Entertainment

LAPD drama worth a ‘Watch’

Has any police department in the country been portrayed in a more consistently negative way than Hollywood’s hometown cops, the LAPD?

Woody Harrelson’s sociopathic officer in last year’s “Rampart’’ is just one of the recent countless examples. There was even a documentary that mocked the LAPD’s motto, “To Serve and Protect,’’ because it’s long been in quotation marks on the side of patrol cars.

That slogan is taken very seriously by the heroic — if hardly straight-arrow — heroes in “End of Watch,” vividly written and directed by David Ayer, who depicted the darker side of the LAPD in his script for “Training Day.’’

Brian (Jake Gyllenhaal) and Mike (Michael Pena) are a pair of street-smart hot shots, longtime partners newly assigned to patrolling one of the scariest precincts of LA’s South Central.

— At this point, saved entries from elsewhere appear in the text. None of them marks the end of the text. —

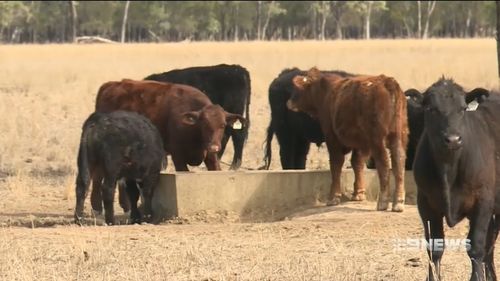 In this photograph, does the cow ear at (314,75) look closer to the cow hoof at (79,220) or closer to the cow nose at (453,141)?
the cow hoof at (79,220)

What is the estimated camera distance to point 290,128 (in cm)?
1655

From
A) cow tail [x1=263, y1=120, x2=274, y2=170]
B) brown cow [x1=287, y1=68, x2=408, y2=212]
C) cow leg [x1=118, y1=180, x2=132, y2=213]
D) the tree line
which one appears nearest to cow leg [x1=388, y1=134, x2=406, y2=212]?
brown cow [x1=287, y1=68, x2=408, y2=212]

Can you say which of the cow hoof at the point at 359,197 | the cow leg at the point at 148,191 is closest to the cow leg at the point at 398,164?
the cow hoof at the point at 359,197

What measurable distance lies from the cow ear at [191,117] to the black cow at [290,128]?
2.36m

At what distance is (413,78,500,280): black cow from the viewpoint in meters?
8.21

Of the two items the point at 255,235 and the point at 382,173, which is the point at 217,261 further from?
the point at 382,173

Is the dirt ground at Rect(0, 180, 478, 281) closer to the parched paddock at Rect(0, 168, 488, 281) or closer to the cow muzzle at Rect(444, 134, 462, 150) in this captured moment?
the parched paddock at Rect(0, 168, 488, 281)

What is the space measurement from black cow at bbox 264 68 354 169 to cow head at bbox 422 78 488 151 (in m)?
7.31

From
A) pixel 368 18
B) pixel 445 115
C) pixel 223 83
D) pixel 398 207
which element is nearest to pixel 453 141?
pixel 445 115

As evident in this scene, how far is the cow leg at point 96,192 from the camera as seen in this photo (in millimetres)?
13000

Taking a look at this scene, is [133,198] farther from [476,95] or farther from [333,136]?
[476,95]

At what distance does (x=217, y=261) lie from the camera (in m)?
9.35

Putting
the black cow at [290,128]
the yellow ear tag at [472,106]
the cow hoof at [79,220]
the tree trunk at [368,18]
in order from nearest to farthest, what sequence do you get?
the yellow ear tag at [472,106] → the cow hoof at [79,220] → the black cow at [290,128] → the tree trunk at [368,18]

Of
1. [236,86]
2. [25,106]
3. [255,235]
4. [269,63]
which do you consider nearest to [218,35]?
[269,63]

It’s a place where the most innocent-seeming call carries the possibility of sudden death — as we see in the adrenaline-pumping, high-speed chase that opens the film.

Brian is taking a filmmaking class, so he carries a camcorder everywhere and attaches micro-cameras to his and Mike’s shirts — much to the annoyance of fellow officers who remember the Rodney King case.

Ayer employs the overused shaky-cam/found-footage format to breathe new life and vitality to the familiar buddy-cop genre — think TV’s “Cops’’ with a pair of very good actors behind the wheel. But cutting back and forth between that and more traditional camera work is distracting.

A scene where Brian and Mike drag a kid out of a burning building — rather than waiting for the fire department to show up — is about as exciting and harrowing as anything I’ve seen on a movie screen this year.

The guys’ fearlessness earns the respect of even a jaded veteran (David Harbour) who resents their high spirits. But it also puts them in the cross hairs of a drug cartel that other LAPD colleagues have warned them not to mess with.

This especially alarms Brian’s girlfriend (Anna Kendrick) and Mike’s pregnant wife (Natalie Martinez) who never know whether their guys will survive their often brutally violent shifts.

America Ferrara (“Sisterhood of the Traveling Pants’’) turns in an image-changing role as a tough lesbian officer who develops a grudging admiration for our heroes.

“End of Watch’’ is not a perfect movie. It begins with a groan-worthy slogan (“Once upon a time in South Central . . .”) and its depiction of Hispanics — including, to some degree, Mike — tends toward stereotype at times.

Gyllenhaal and Pena have great chemistry together, though, in their best performances to date. A memorable scene where the officers they play have to decide in a split second whether to kill a sadistic perp vividly puts you right into their very difficult jobs.